Kentucky's only SEC victory this season came against Ole Miss, a 30-13 win. Otherwise, the Wildcats (4-6, 1-5 SEC) have lost their league games by an average margin of 31.8 points -- 48-10 to Florida, 35-7 to LSU, 54-3 to South Carolina, 28-16 to Mississippi State and 38-8 to Vanderbilt.

Such scores notwithstanding, Kentucky now is the only obstacle to Georgia achieving, for the first time since 2005, the goal with which it opens every season -- a berth in the SEC championship game.

Even as the Bulldogs celebrated Saturday's 45-7 victory over Auburn, which last month defeated South Carolina, unfinished business loomed.

"I never want to squelch a celebration," UGA coach Mark Richt said Sunday. "We work too hard and we put them through so much from January to the season, so if there is ever a time worthy of celebrating, I like them to celebrate.

"But when they're done dancing around and having a ball or whatever they're doing with the fans or in the locker room, when everybody settles down, then you've got to remind them of where we are, where we want to go and what we have to do to get there. I think we did a pretty good job of that in the locker room after the game."

Kentucky rarely wins in Sanford Stadium, where the Wildcats are 4-24-2 all-time and have won only once since 1977. That win came on the Wildcats' most recent visit in 2009, when Georgia self-destructed and committed four second-half turnovers to squander a 20-6 halftime lead and lose 34-27.

"I'm sure I'll bring it up to the boys," Richt said. "That would be very valuable for our guys to remember. ... It makes a point about how important that turnover battle is."

Richt noted that Georgia hasn't lost the turnover battle in any game on its eight-game winning streak.

Kentucky will bring to Athens an offense that ranks No. 118 out of 120 FBS (formerly Division I-A) teams. Georgia, on the other hand, ranks No. 4 nationally in total defense, behind only Alabama, LSU and Michigan State.

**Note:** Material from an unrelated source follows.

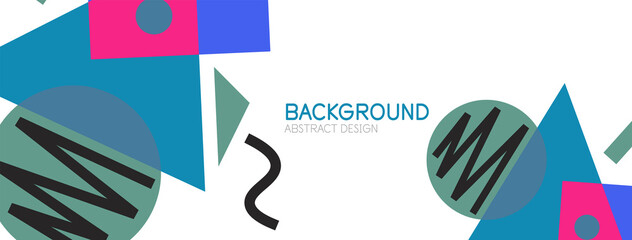 Abstract background. Blocks, lines, triangles, circles composition. Techno or business concept for wallpaper, banner, background, landing page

Hard hit by injuries early in the season, especially at the inside-linebacker positions, Georgia is generally healthy at this point. The only known injury in the Auburn game was nose guard Kwame Geathers' sprained ankle; he left in the second quarter and did not return.

Richt was unsure Sunday of Geathers' status for the Kentucky game.

Georgia, which fell out of the polls after losing its season opener to Boise State, continued its recent climb in the rankings Sunday, inching up to No. 13 in the Associated Press poll and No. 15 in the USA Today coaches' poll.